Makana Henry

No. 74
- Position: Defensive lineman

Personal information
- Born: January 23, 1987 (age 38) Toronto, Ontario, Canada
- Height: 6 ft 1 in (1.85 m)
- Weight: 275 lb (125 kg)

Career information
- CJFL: Burlington Braves

Career history
- 2016–2021: Saskatchewan Roughriders
- 2022: Edmonton Elks

Awards and highlights
- 2x C.J.F.L. All-Canadian Defensive Team (2005-2006); Riders Community Service Award (2017- 2019); Nominee for CFL Tom Pate Award (2017- 2018); Nominee for CFL Jake Gaudaur Veterans’ Award (2018);
- Stats at CFL.ca

= Makana Henry =

Canadian defensive lineman

Makana Henry (born January 23, 1987) is a Canadian former professional football defensive lineman. He was signed to the Saskatchewan Roughriders' roster in August 2016. He played junior football for the Burlington Braves of the Canadian Junior Football League (C.J.F.L.) in 2005–2009. Before being invited by the Roughriders, he played in semi-pro football for the GTA All Stars of the Northern Football Conference league in 2016. In November 2019, he was re-signed for an additional 2-year contract. Henry signed with the Edmonton Elks to open free agency on February 8, 2022.
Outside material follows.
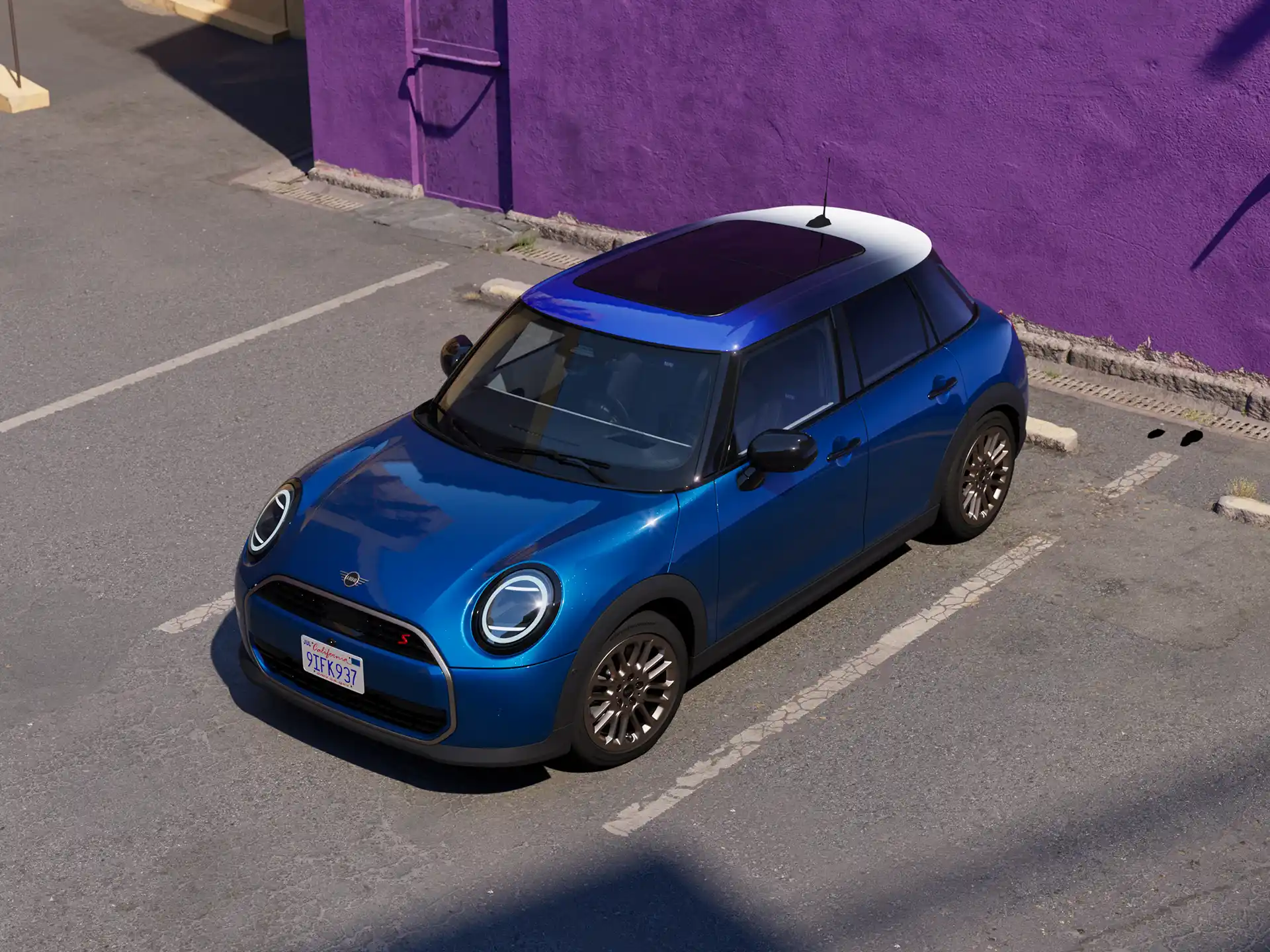 Piecdurvju MINI Cooper – video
== Charitable activities ==
Henry is very involved in the Saskatchewan community, especially with the students of Scott Collegiate. In 2017, he was named Mosaic Community Player of the year and made a donation to Scott Collegiate. For three consecutive years (2017–2019), Henry won the Roughriders’ Community Service Award.